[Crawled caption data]

______________________________

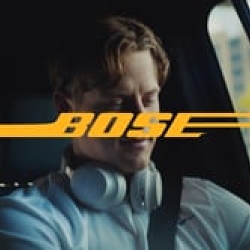 Bose with Joe Burrow Campaign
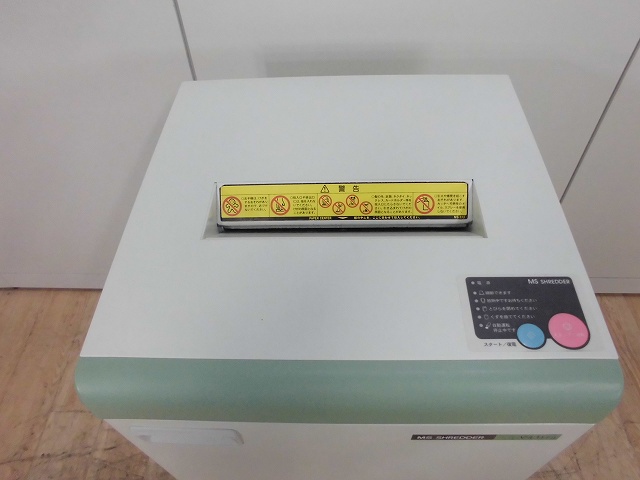 シュレッダー 明光商会 V431 FB/ 0002380-1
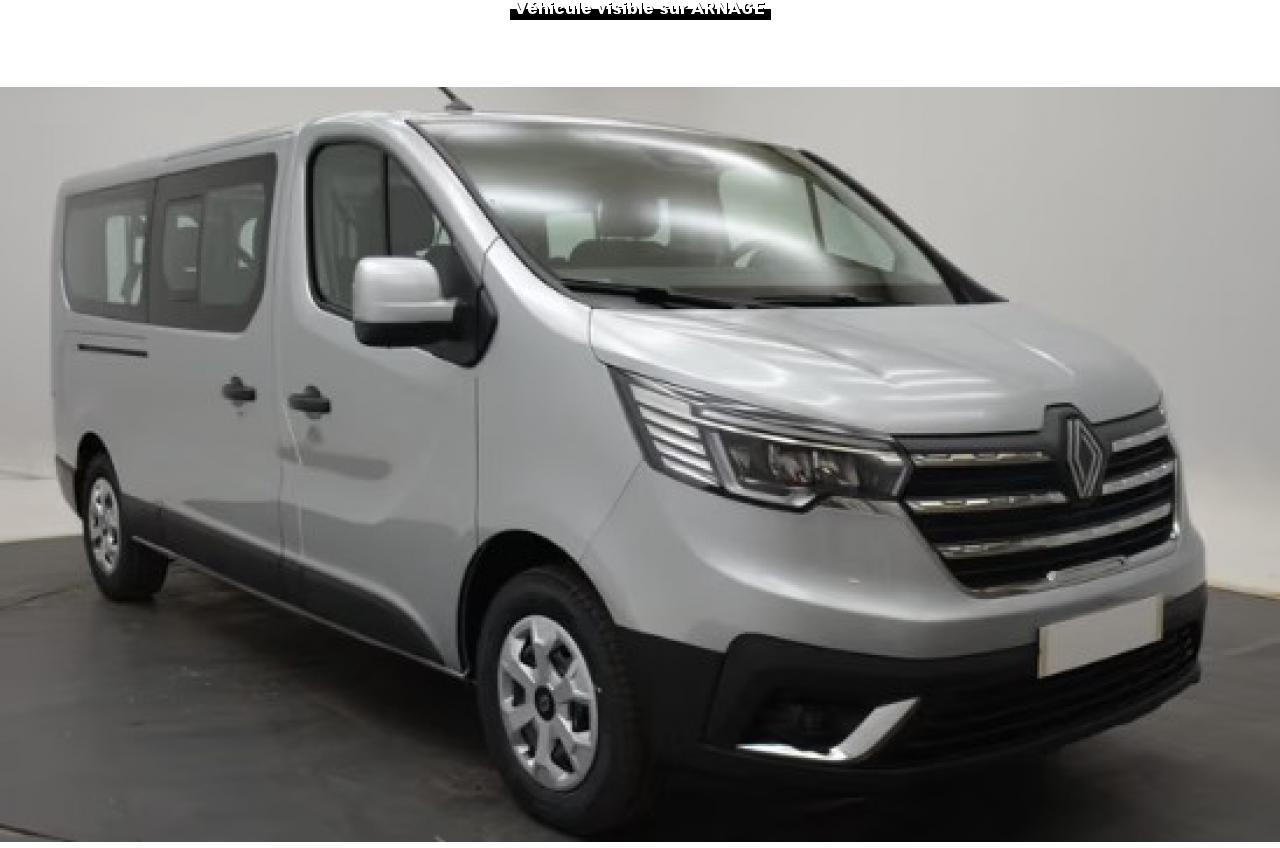 RENAULT Trafic L2 2.0 Energy dCi - 150 - S&S - 24b III COMBI Combi Grand Evolution L2H1 PHASE 3 - Διπλοκάμπινο ελαφρύ επαγγελματικό: φωτογραφία 1 RENAULT Trafic L2 2.0 Energy dCi - 150 - S&S - 24b III COMBI Combi Grand Evolution L2H1 PHASE 3 - Διπλοκάμπινο ελαφρύ επαγγελματικό: φωτογραφία 1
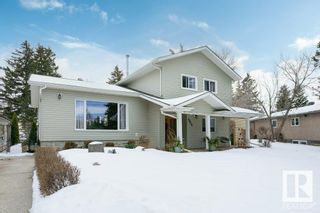 Photo 2: 4604 141 Street in Edmonton: Zone 14 House for sale : MLS®# E4329982
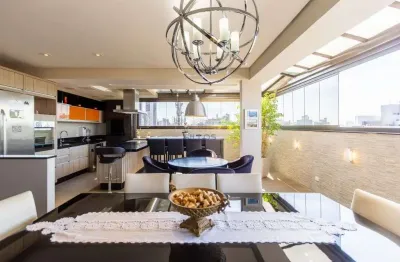 Apartamento mobiliado com 2 quartos à venda no batel em curitiba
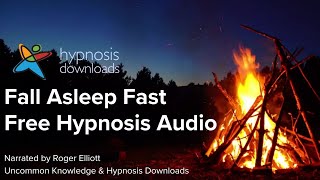 Fall Asleep Fast Hypnosis Download | Free Sleep Hypnosis Audio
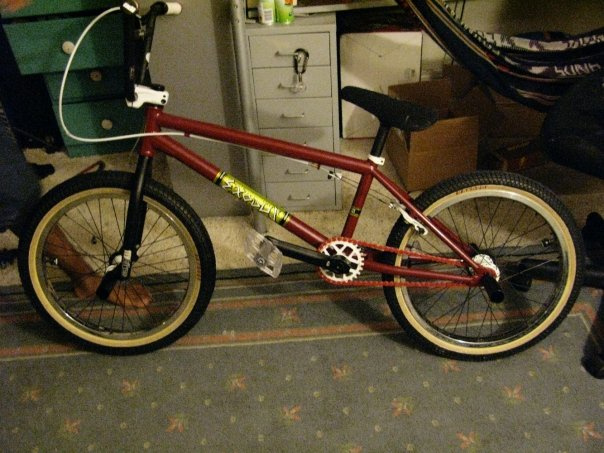 Custom FBM Exodus ST 21.25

______________________________

▶ Required work
A word-for-word reproduction is needed of the lines above from the line containing "φωτογραφία 1 RENAULT" through the line containing "Fall Asleep Fast", with both ends kept and no pictures.

▶ Final answer
 RENAULT Trafic L2 2.0 Energy dCi - 150 - S&S - 24b III COMBI Combi Grand Evolution L2H1 PHASE 3 - Διπλοκάμπινο ελαφρύ επαγγελματικό: φωτογραφία 1 RENAULT Trafic L2 2.0 Energy dCi - 150 - S&S - 24b III COMBI Combi Grand Evolution L2H1 PHASE 3 - Διπλοκάμπινο ελαφρύ επαγγελματικό: φωτογραφία 1
 Photo 2: 4604 141 Street in Edmonton: Zone 14 House for sale : MLS®# E4329982
 Apartamento mobiliado com 2 quartos à venda no batel em curitiba
 Fall Asleep Fast Hypnosis Download | Free Sleep Hypnosis Audio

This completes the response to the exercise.